En la historia de Inglaterra se conoce como la restauración el retorno de la monarquía, con la ascensión del rey Carlos II al trono y luego de Jacobo II, después del gobierno revolucionario de Oliverio Cromwell (1599-1658), que fue un corto paréntesis republicano en la historia inglesa.
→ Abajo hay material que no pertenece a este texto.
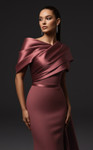 MNM Couture E0125 Crepe Asymmetrical Draped Neckline Gown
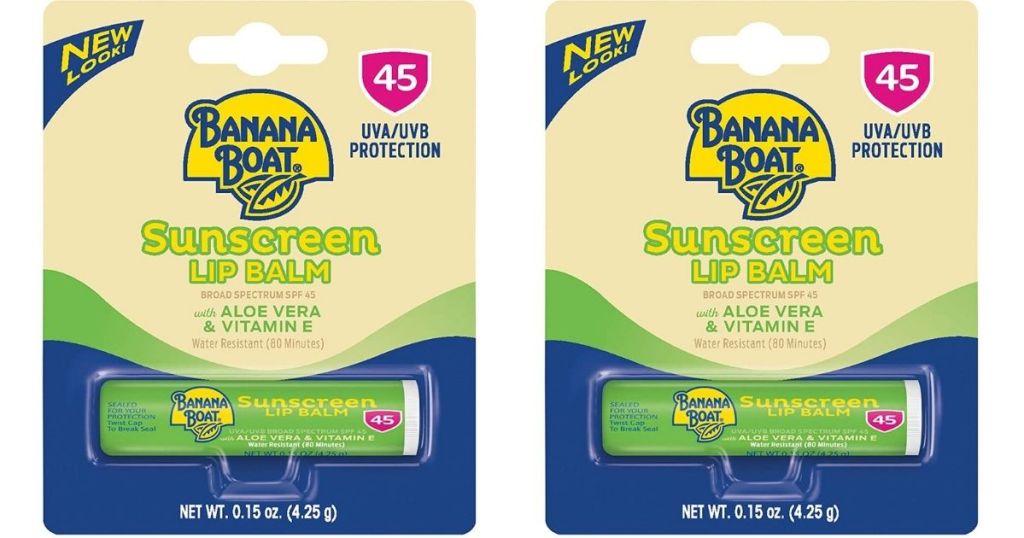 two Banana Boat Sunscreen Lip Balms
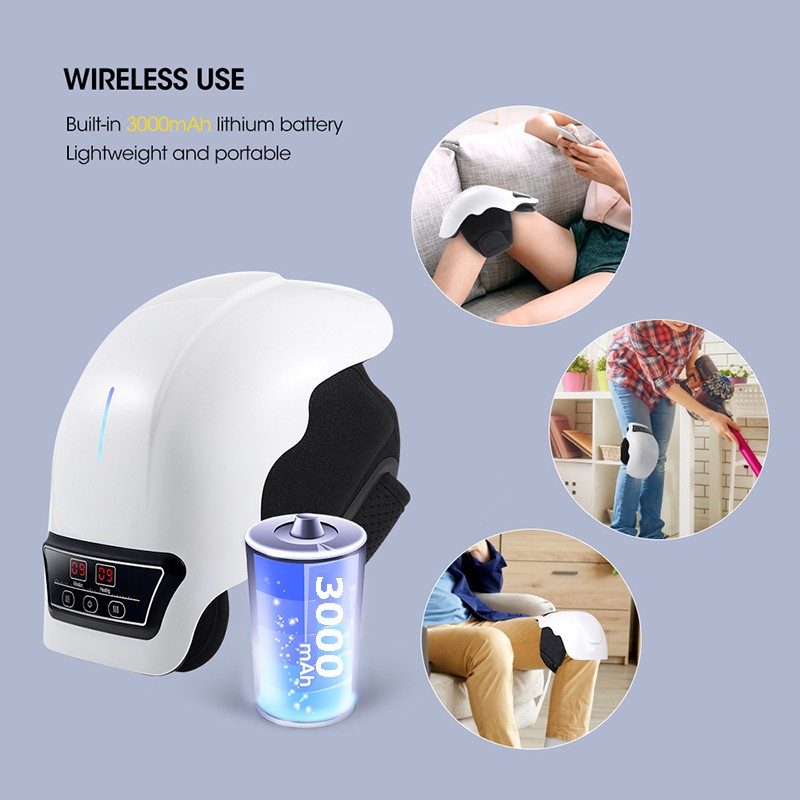 3-in-1 Cordless Knee Massager with Heat Vibration Red Light Therapy Pain Relief
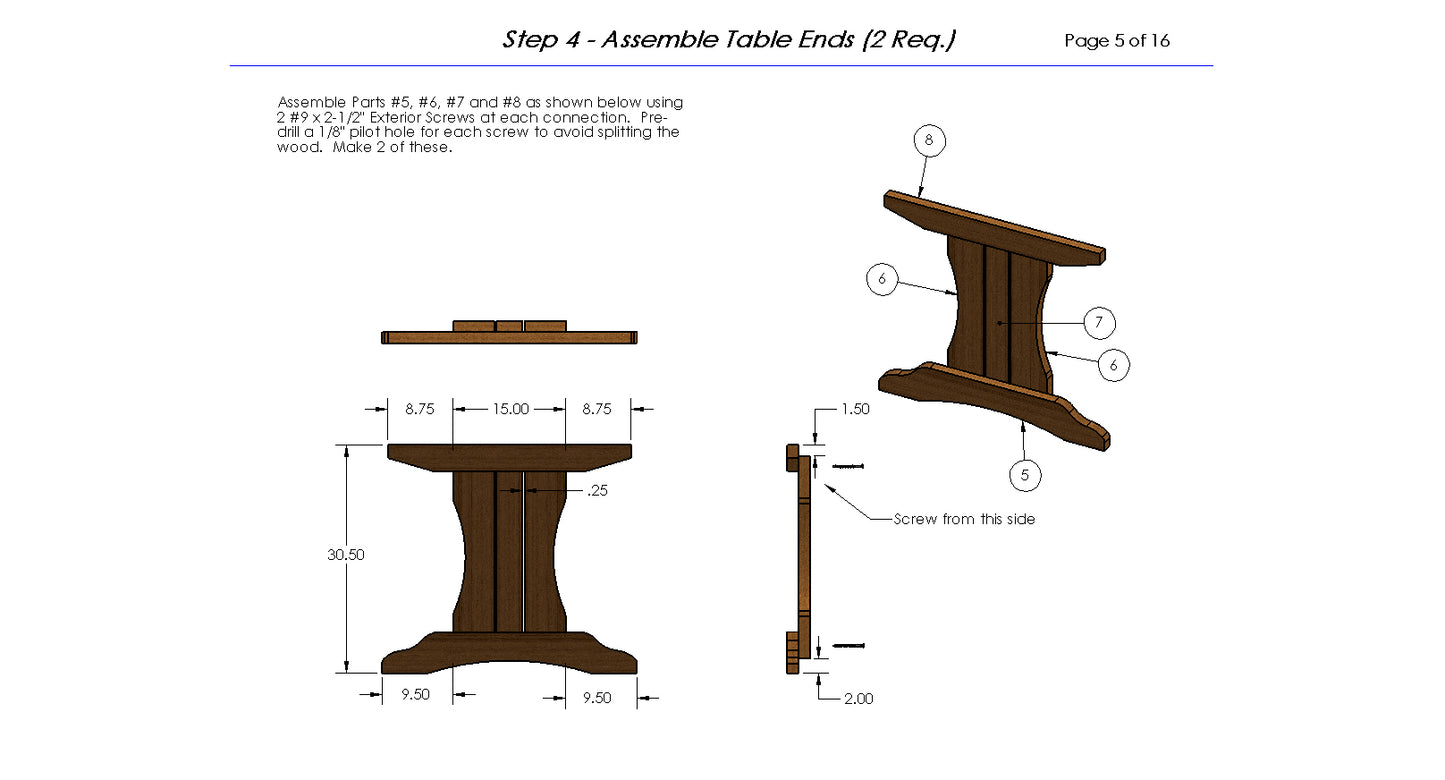 Adirondack Chair with Table and Footstool Digital Building Plans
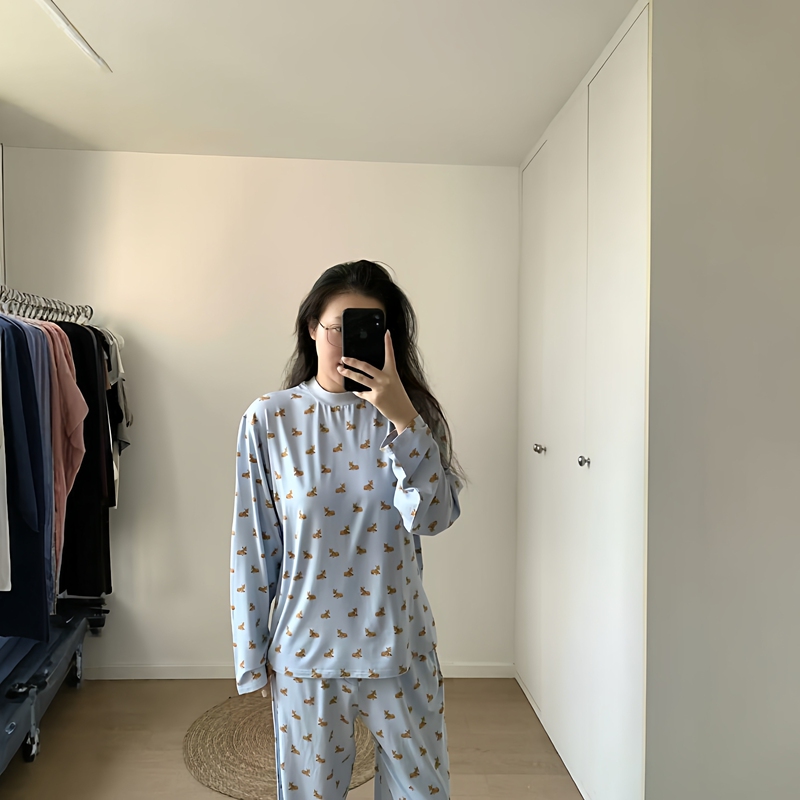 Popular American Brand Skims New Set Christmas Series Classic Long-Sleeve Top Loose Straight-Leg Pants Pajamas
Pero “la restauración” por antonomasia está referida al movimiento europeo que devolvió el cetro a los reyes destronados por la Revolución Francesa y por las guerras napoleónicas. Napoleón abatió, uno tras otro, algunos regímenes monárquicos de Europa e impuso en su lugar gobernantes nombrados por él. Con su poderosa máquina militar —la grande armée— modificó el mapa político europeo, creó nuevos Estados, amplió las fronteras de Francia y estableció un nuevo orden internacional. Pero después de la batalla de Waterloo en 1815, en que las armas del gran imperio fueron derrotadas por las inglesas al mando del Duque de Wellington con la ayuda de las tropas prusianas, y se eclipsó definitivamente la estrella de Napoleón, fue restituida la monarquía y volvió al trono de Francia un Borbón —Luis XVIII—, hermano de Luis XVI que fue decapitado en la guillotina. Se inició entonces el período monárquico denominado “la restauración” que se extendió entre el fin del gobierno de Napoleón I y la proclamación de la Segunda República en 1848. En esta etapa ejercieron el poder tres monarcas franceses: Luis XVIII y Carlos X —hermanos de Luis XVI— y Luis Felipe, Duque de Orleans.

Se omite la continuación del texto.